Wednesday, August 10, 2022

LUDF unveils methane-busting effluent system

A major scientific breakthrough in effluent treatment technology will significantly reduce methane emissions from dairy farm effluent.

Lincoln University Professor Keith Cameron, pictured here with Ravensdown’s Carl Ahlfeld, says the natural biological EcoPond system essentially nullifies the methane-creating process.

A major scientific breakthrough in effluent treatment technology will significantly reduce methane emissions from dairy farm effluent.

The methane-busting farm dairy effluent treatment system was launched on Wednesday at the Lincoln University Dairy Farm (LUDF).

Developed by Ravensdown and Lincoln University, EcoPond is scientifically proven to reduce dairy effluent pond methane emissions by 99.9%.

It also reduces carbon dioxide by up to 50%, dissolved reactive phosphate (DRP) by 99% and E.coli by up to 99%.

The discovery is a 100% natural biological system.

As effluent passes through a specialised mixing coil it receives a calculated amount of iron sulphate, which creates an environment in the pond water within which microorganisms find it impossible to produce any methane gas.

“This is an important date on the world scene, this is about technology and tools to deliver on the COP aspirations,” Ravensdown general manager innovation and strategy Mike Manning said.

“This is answering farmers’ needs, a game-changer allowing the dairy industry to take a giant leap forward and give farmers the confidence to farm and meet obligations into the future.

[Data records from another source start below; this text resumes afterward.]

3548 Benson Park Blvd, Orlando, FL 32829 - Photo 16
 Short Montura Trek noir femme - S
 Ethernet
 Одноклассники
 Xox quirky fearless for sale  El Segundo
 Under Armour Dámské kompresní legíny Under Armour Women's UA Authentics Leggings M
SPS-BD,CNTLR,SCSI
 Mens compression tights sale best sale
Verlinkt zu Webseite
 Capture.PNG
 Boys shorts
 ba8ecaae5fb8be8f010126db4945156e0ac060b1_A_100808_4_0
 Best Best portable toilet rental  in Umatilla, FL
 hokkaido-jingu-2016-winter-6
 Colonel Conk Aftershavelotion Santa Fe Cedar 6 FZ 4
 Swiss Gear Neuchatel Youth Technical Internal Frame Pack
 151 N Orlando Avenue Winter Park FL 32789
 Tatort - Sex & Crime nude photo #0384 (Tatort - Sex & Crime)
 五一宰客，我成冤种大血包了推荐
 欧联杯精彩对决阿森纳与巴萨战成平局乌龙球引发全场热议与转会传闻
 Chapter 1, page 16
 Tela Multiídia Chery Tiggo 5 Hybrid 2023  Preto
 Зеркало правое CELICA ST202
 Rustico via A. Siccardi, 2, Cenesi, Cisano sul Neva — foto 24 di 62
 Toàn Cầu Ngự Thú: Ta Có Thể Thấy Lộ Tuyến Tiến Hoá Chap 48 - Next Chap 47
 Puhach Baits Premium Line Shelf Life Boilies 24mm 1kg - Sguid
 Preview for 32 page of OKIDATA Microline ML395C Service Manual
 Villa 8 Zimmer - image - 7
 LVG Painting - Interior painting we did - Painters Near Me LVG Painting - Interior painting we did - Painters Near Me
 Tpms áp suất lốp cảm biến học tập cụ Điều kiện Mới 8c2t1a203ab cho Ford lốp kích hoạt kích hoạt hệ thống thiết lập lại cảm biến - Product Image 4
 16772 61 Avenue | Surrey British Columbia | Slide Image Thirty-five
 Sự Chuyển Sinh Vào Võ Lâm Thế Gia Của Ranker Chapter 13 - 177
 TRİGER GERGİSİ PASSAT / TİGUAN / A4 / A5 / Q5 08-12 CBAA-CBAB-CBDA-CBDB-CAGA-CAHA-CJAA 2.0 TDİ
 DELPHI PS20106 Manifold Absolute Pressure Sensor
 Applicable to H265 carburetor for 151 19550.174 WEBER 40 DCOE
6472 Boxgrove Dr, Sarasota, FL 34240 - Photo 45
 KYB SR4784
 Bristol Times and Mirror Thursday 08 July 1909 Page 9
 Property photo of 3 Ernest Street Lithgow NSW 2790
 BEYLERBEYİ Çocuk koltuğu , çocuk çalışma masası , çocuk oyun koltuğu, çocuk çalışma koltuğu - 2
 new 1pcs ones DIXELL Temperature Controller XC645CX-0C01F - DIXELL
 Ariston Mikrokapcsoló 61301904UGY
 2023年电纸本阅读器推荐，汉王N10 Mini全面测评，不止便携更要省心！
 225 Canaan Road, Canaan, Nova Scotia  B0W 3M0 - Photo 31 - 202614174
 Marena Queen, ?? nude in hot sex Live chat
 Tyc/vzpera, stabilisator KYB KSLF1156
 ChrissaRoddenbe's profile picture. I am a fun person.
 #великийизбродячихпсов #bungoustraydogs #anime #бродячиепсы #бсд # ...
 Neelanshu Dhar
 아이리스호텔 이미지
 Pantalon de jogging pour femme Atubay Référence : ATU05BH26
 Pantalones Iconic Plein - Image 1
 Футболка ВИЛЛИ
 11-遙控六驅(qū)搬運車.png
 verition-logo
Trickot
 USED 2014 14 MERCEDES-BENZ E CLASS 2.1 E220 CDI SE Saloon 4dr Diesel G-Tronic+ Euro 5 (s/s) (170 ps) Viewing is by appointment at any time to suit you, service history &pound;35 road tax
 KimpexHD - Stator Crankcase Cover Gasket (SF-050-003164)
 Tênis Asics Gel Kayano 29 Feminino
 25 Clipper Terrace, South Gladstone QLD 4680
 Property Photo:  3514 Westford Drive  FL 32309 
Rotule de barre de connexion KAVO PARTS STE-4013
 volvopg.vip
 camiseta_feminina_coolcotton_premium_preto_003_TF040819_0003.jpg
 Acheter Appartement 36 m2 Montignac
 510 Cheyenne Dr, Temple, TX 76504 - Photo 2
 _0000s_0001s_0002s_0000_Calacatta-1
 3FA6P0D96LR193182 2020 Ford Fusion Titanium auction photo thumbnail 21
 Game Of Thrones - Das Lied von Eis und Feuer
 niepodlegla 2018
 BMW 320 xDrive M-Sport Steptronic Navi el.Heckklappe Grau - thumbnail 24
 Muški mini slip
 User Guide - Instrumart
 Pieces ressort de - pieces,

“This is a momentous day.”

Ravensdown and Lincoln University collaborated on the science that underpins the technology and Ravensdown will provide the system to dairy farmers wanting to reduce their methane emissions.

“The New Zealand dairy sector is already a world leader in its carbon emissions efficiency, but the country has set a 12% target of biogenic methane reduction by 2030,” he said.

“This new tool has the benefit of robust science behind it and will be available to start tracking towards that target now.”

Almost all dairy farms use effluent ponds, which are the second-largest source of on-farm methane emissions.

An average NZ dairy farm of 400 cows that installed EcoPond could cut total farm methane emissions by 4-5%, depending on the individual farm. 

A computer-controlled pump and mixing system precisely administers the exact amount of iron sulphate, a safe additive used in the treatment of drinking water.

The automated “plug and play” inline system, which can be retrofitted to existing effluent systems, also reduces odour and risk of phosphate loss from pond effluent when spread on-farm.

Ravensdown chair John Henderson says EcoPond is not a one-trick-pony, it is a pipeline of technologies, some launched already, others to come.

He says to succeed with large-scale uptake the solutions must be smarter, but they also must be simple.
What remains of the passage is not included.